There is nothing here that is new to me, but I finished the post anyway, because your writing is clear and engaging. Becoming a pop economics writer might be an option for you — but it is a risky bet, since you do require quite a bit of luck in the publishing world.

Comment by Miao | July 24, 2013 |

Thanks for the kind words. I’d prefer a less risky career. If I can’t do any better with the credentials I’ll have obtained by the time I graduate (…if I graduate…) than that, I should probably consider something like that as a fall-back option. As I’m sure I’ve mentioned before I was approached by a publisher at one point because of stuff I’d written here on the blog, so the idea of writing a book at some point is not

thatforeign to me – though that’s still very different from becoming a professional writer. I’ll probably not want to go down that route unless no-one wants to hire me when I’ve finished my education, and I really don’t hope I’ll find myself in that situation.Comment by US | July 24, 2013 |

“I was approached by a publisher at one point because of stuff I’d written here on the blog” — This might just be the motivation I need to start writing/maintaining a blog myself, though I am not sure if I will be able to rival your level of consistency, both in terms of frequency and quality 🙂

Comment by Miao | July 24, 2013

If it is (the motivation you need) then I shouldn’t really say anything because I’d love to see you start blogging…

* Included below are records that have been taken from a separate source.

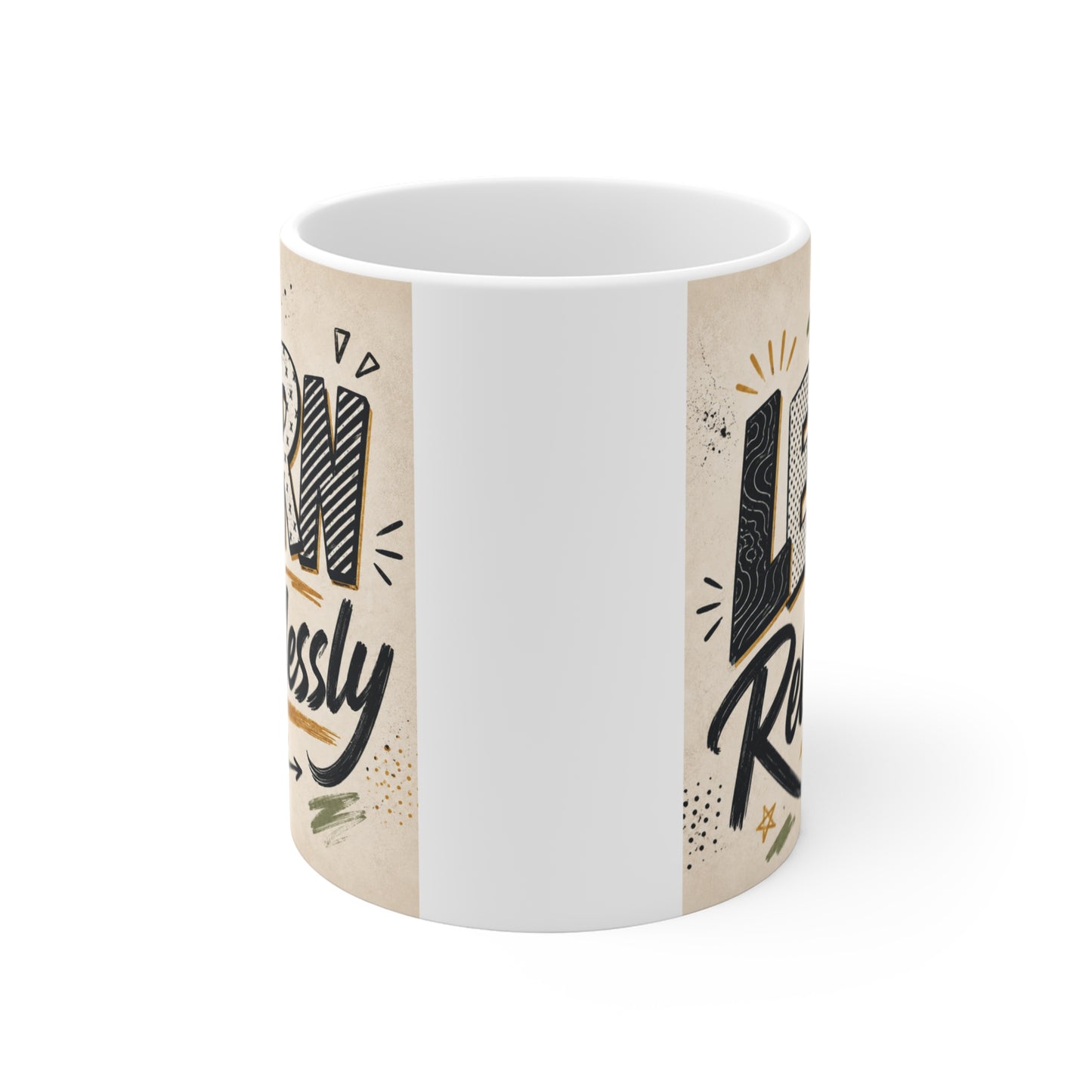 Inspirational study-themed ceramic mug with bold Learn Relentlessly lettering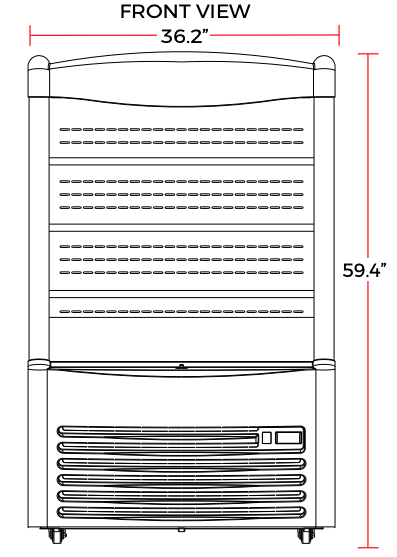 Marchia MDS390 36" Open Refrigerated Merchandiser Grab and Go Display Case, Black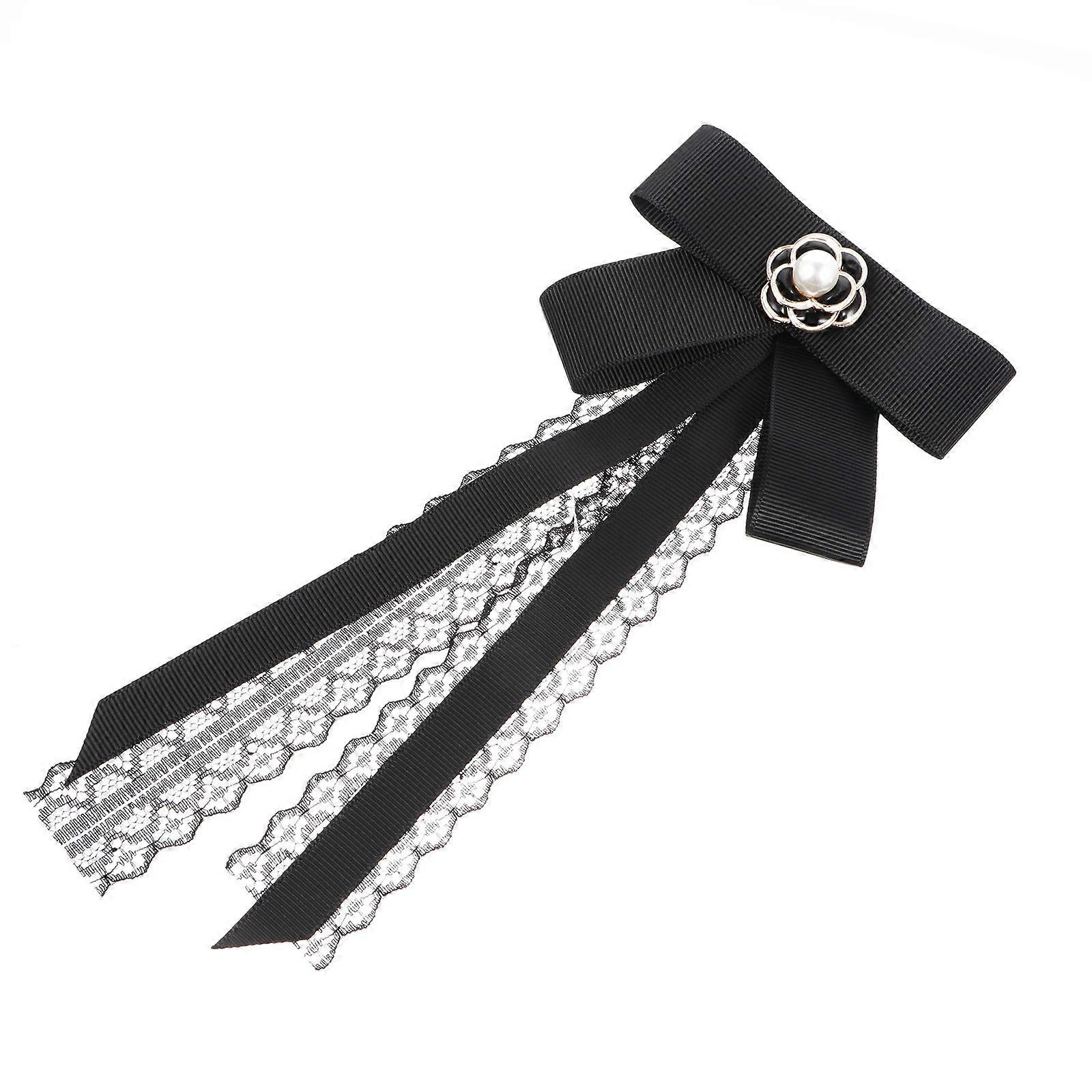 Black Pre Tied Bow Tie with Elegant Brooch Pin – Stylish Ribbon Shirt Bowknot Accessory for Men and Women, Ideal for Collarless & Stand Up Collar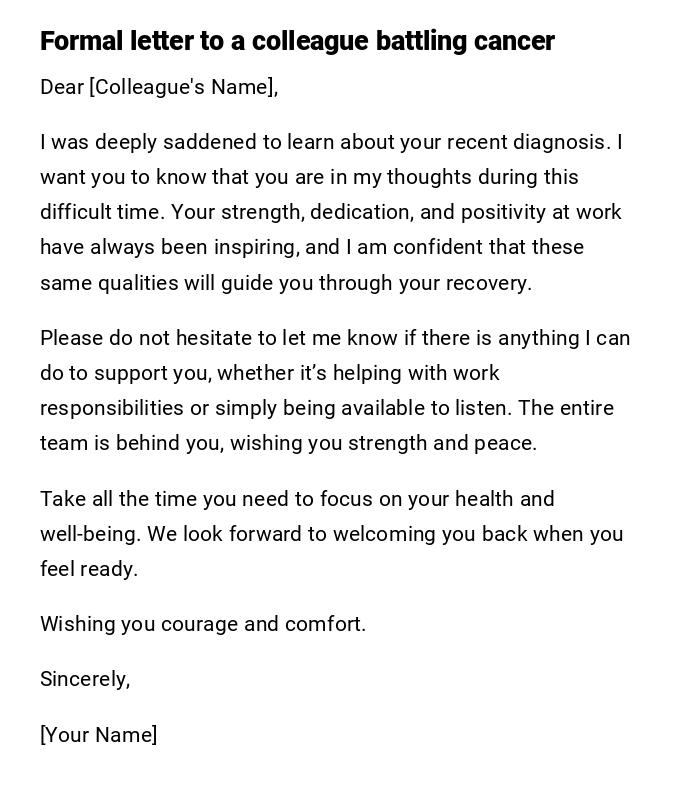 Formal letter to a colleague battling cancer Formal letter to a colleague battling cancer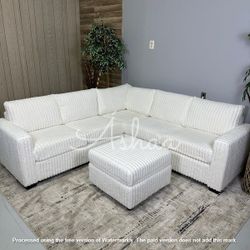 White Jumbo Corduroy 4-Piece Sectional Set With ottoman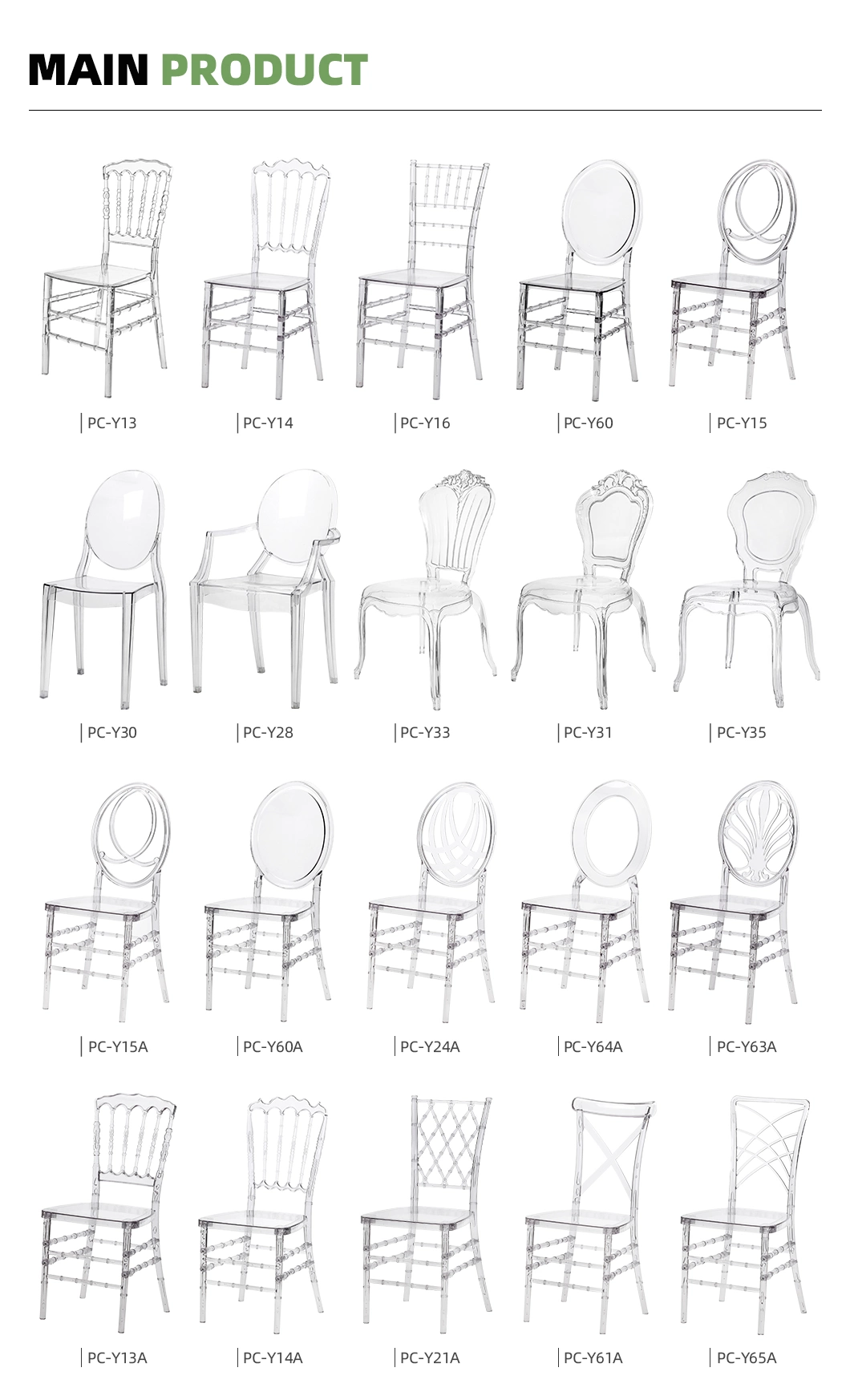 Wholesale Hotel Furniture Wedding Banquet Event Polycarbonate Plastic Clear Transparent Chiavari Chair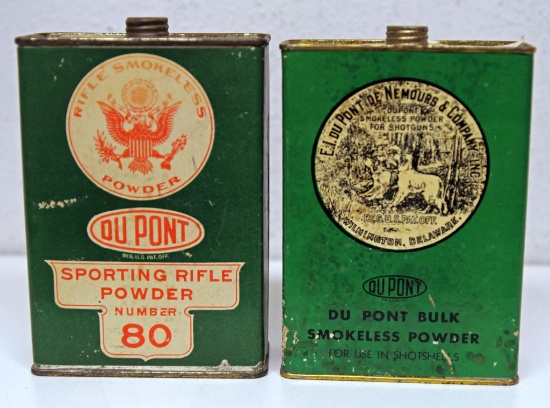 2 Different DuPont Powder Tins w/Paper Labels, Contents will be emptied if shipped!
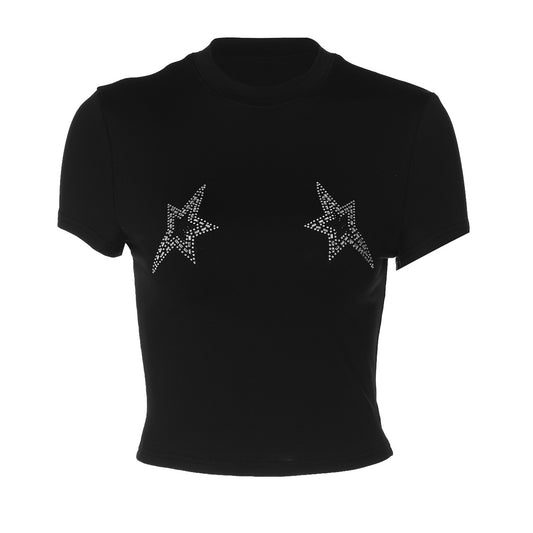 Women's  Slim Round Neck Short Sleeve T-Shirt Top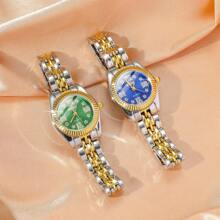 JUSMI 1 Đồng hồ thạch anh mặt đính đá thời trang, dây thép, thích hợp đeo hàng ngày, sinh nhật, quà tặng cho phụ nữ, kỷ niệm, ngày độc thân, khuyến mãi Halloween, không có hộp quà tặng - màu xanh lá - Xem 2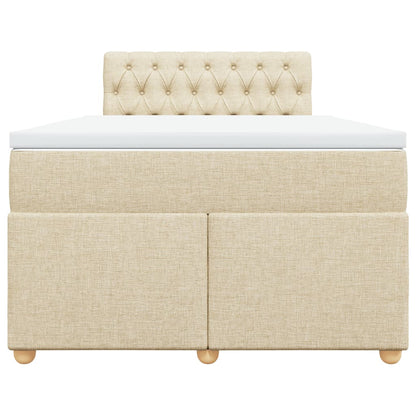 Giroletto a Molle con Materasso Crema 120x200 cm in Tessuto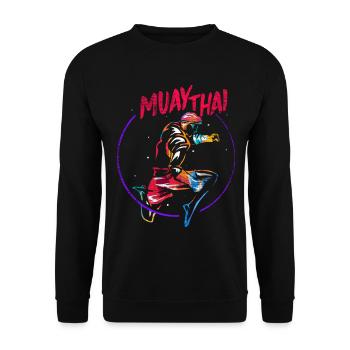 Unerschrockene Muay Thai Kämpferin - Unisex Pullover - Schwarz - Vorne - Alina (178cm) & Michal (187cm)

But I’ll say this anyway; if you want to become an author, waiting around for people to find you isn’t going to work. I highly doubt many people are discovered that way and the odds are surely against you. The direct approach is far more likely to work – write something, then find someone whom you can trick into publishing it. Also blogging may make you a better writer, but people don’t like to pay for stuff they can get for free so there are some tradeoffs here regarding what to share online, and you should certainly keep those tradeoffs in mind if you plan on using your blog in manners such as these (as well as other tradeoffs that might apply).

Incidentally if you can’t convince anyone to publish your stuff, you always have the option of self-publishing the material as an e-book.

[Do recall here at the end my meta-advice on how to react when I’ve advised someone…]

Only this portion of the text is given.